• _ACTIVITY_
Once you reach the line that holds "ヴィラ シャングリラ高田 Bの外観画像" in the listing below, output it and every line after it through the line that holds "14K Yellow Gold 0.23cttw Diamond Earrings", word for word.

• _DATA SUPPLIED_
== == ==

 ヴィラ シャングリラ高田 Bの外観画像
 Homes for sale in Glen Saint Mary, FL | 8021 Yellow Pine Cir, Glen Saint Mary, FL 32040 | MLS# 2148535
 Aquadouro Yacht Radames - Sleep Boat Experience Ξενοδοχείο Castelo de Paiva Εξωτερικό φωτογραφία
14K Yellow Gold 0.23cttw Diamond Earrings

== == ==

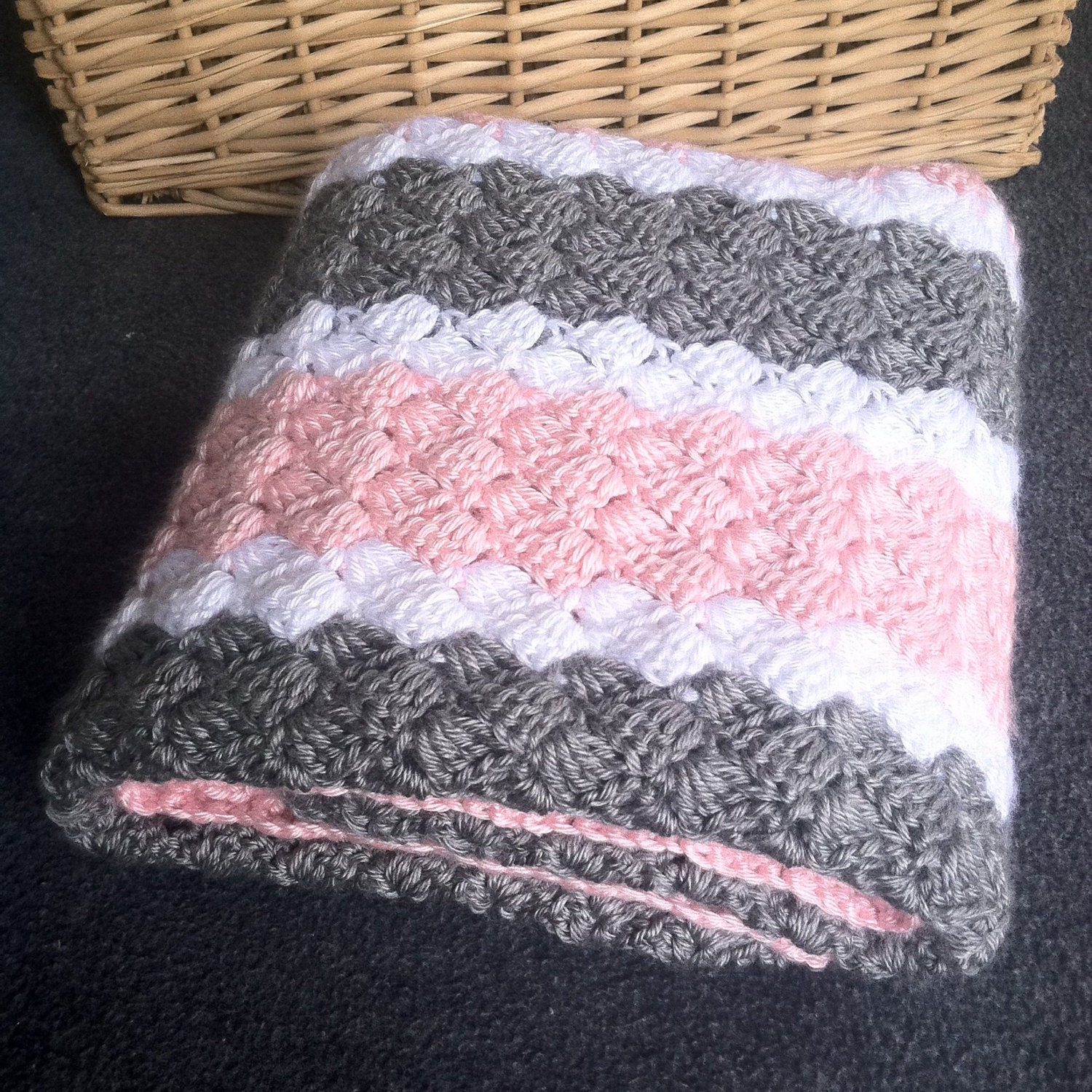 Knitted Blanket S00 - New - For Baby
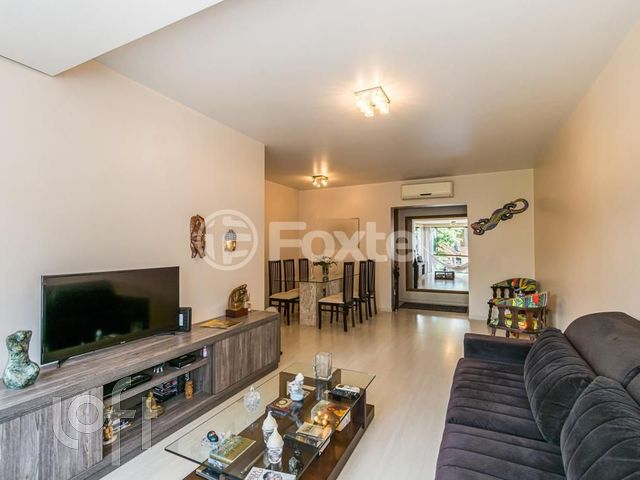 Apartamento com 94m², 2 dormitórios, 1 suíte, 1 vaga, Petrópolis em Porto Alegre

== == ==

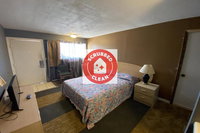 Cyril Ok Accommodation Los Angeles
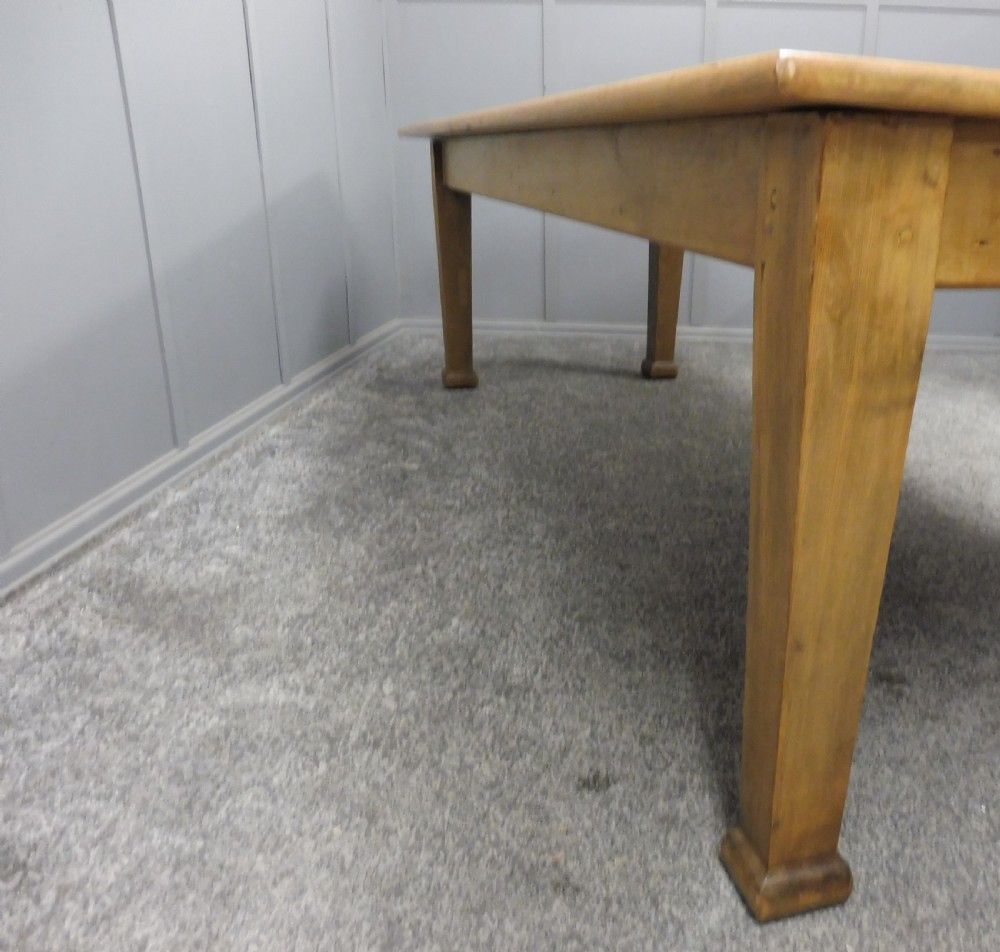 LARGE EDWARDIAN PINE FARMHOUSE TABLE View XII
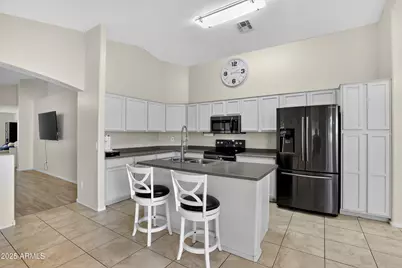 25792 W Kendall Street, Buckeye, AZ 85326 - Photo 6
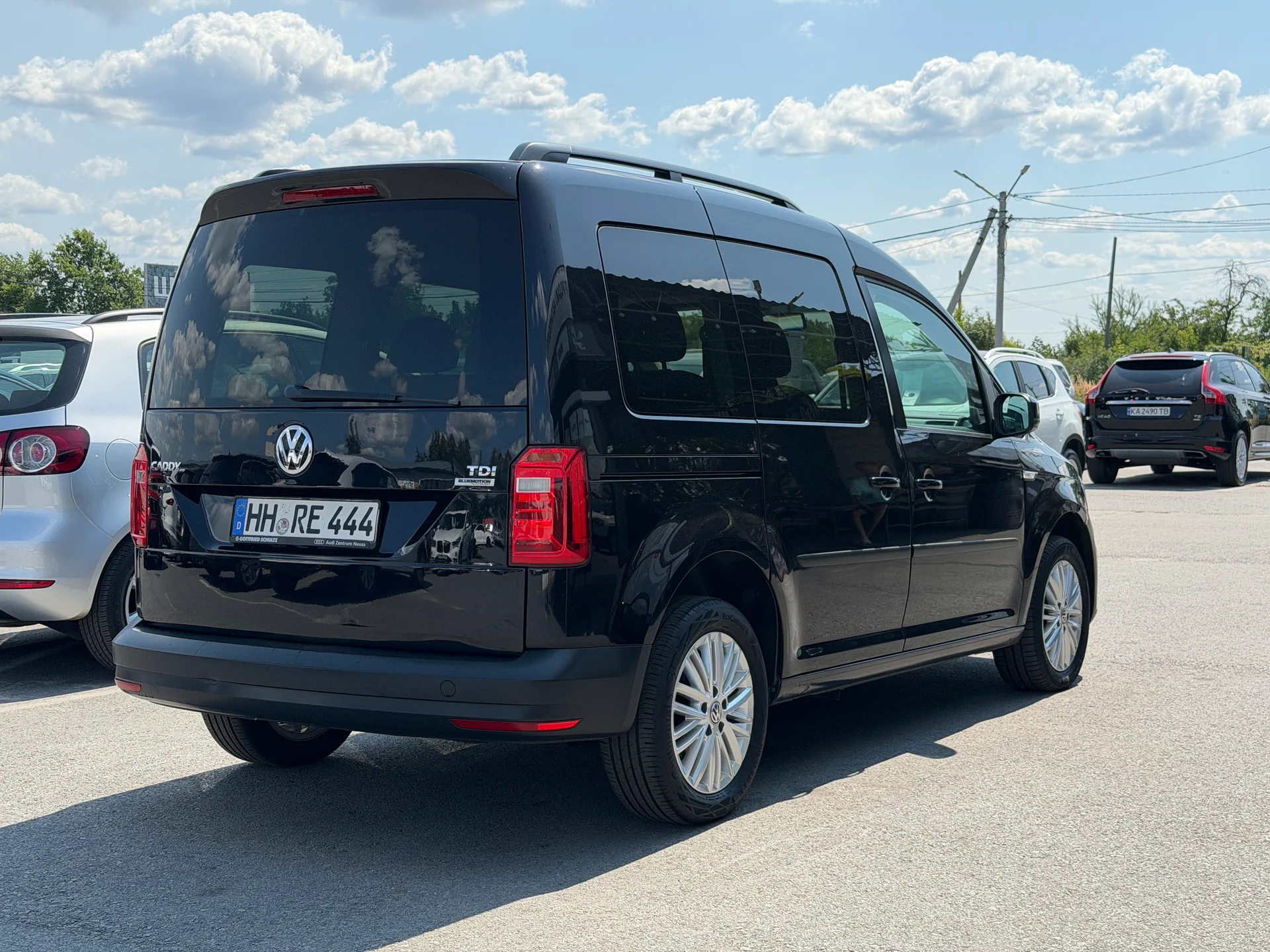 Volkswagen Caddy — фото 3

== == ==

• _SOLUTION TO THE PROBLEM_
 ヴィラ シャングリラ高田 Bの外観画像
 Homes for sale in Glen Saint Mary, FL | 8021 Yellow Pine Cir, Glen Saint Mary, FL 32040 | MLS# 2148535
 Aquadouro Yacht Radames - Sleep Boat Experience Ξενοδοχείο Castelo de Paiva Εξωτερικό φωτογραφία
14K Yellow Gold 0.23cttw Diamond Earrings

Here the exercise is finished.